[Recorded information — start]

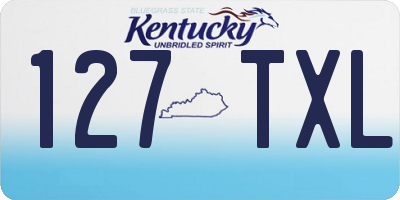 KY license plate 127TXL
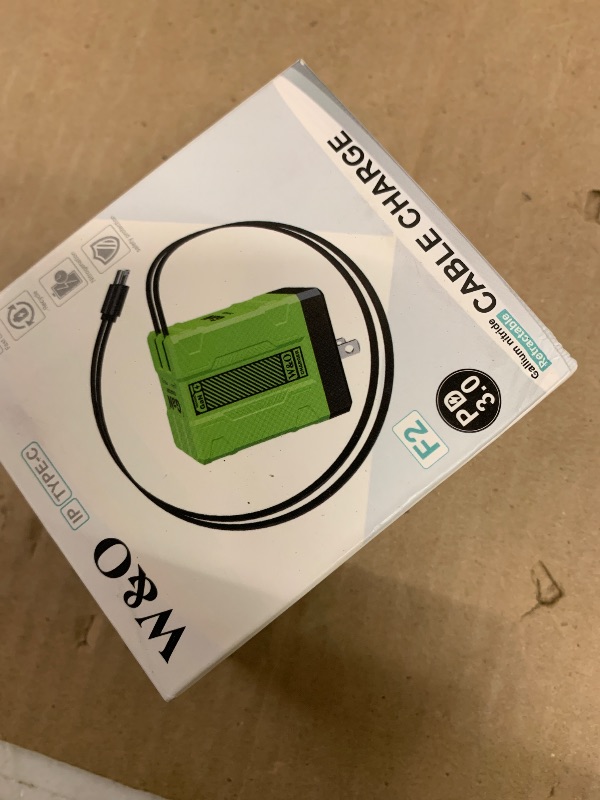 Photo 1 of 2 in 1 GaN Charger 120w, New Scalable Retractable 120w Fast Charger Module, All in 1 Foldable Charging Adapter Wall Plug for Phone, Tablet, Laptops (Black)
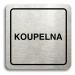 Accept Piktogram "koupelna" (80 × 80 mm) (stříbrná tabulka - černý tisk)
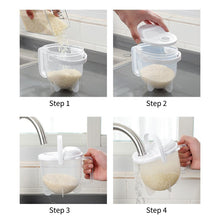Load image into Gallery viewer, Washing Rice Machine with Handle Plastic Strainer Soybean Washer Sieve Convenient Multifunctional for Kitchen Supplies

[Recorded information — finish]
[Recorded information — start]

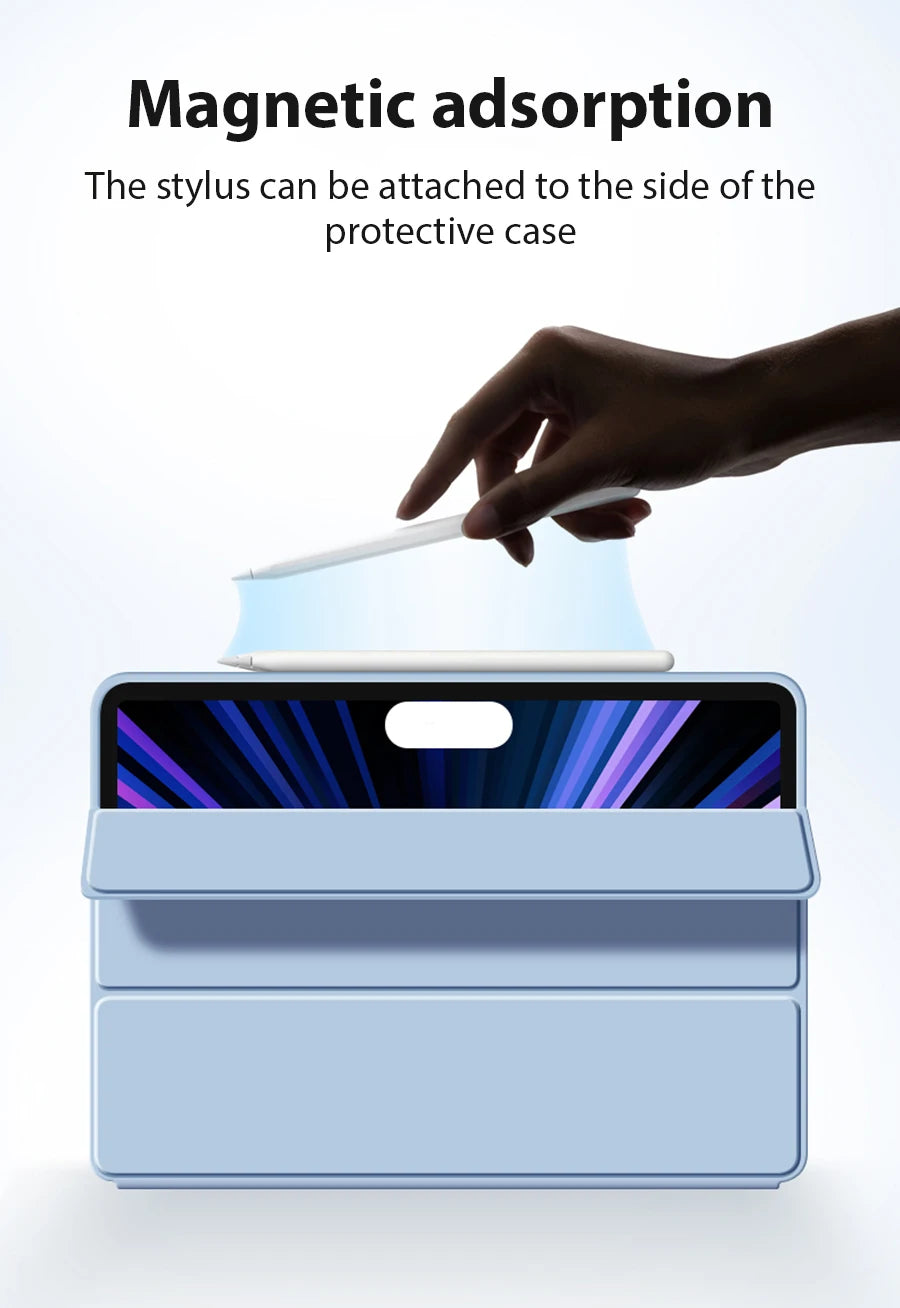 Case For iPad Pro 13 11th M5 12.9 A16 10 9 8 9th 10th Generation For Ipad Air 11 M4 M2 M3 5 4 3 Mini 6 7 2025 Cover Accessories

[Recorded information — finish]
[Recorded information — start]

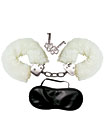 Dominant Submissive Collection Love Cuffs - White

[Recorded information — finish]

**Exercise**
Within the entries above, the lines from the one containing "KY license plate 127TXL" through the one containing "Load image into" are to be transcribed exactly, ends included, pictures excluded.

**Reply**
 KY license plate 127TXL
 Photo 1 of 2 in 1 GaN Charger 120w, New Scalable Retractable 120w Fast Charger Module, All in 1 Foldable Charging Adapter Wall Plug for Phone, Tablet, Laptops (Black)
 Accept Piktogram "koupelna" (80 × 80 mm) (stříbrná tabulka - černý tisk)
Load image into Gallery viewer, Washing Rice Machine with Handle Plastic Strainer Soybean Washer Sieve Convenient Multifunctional for Kitchen Supplies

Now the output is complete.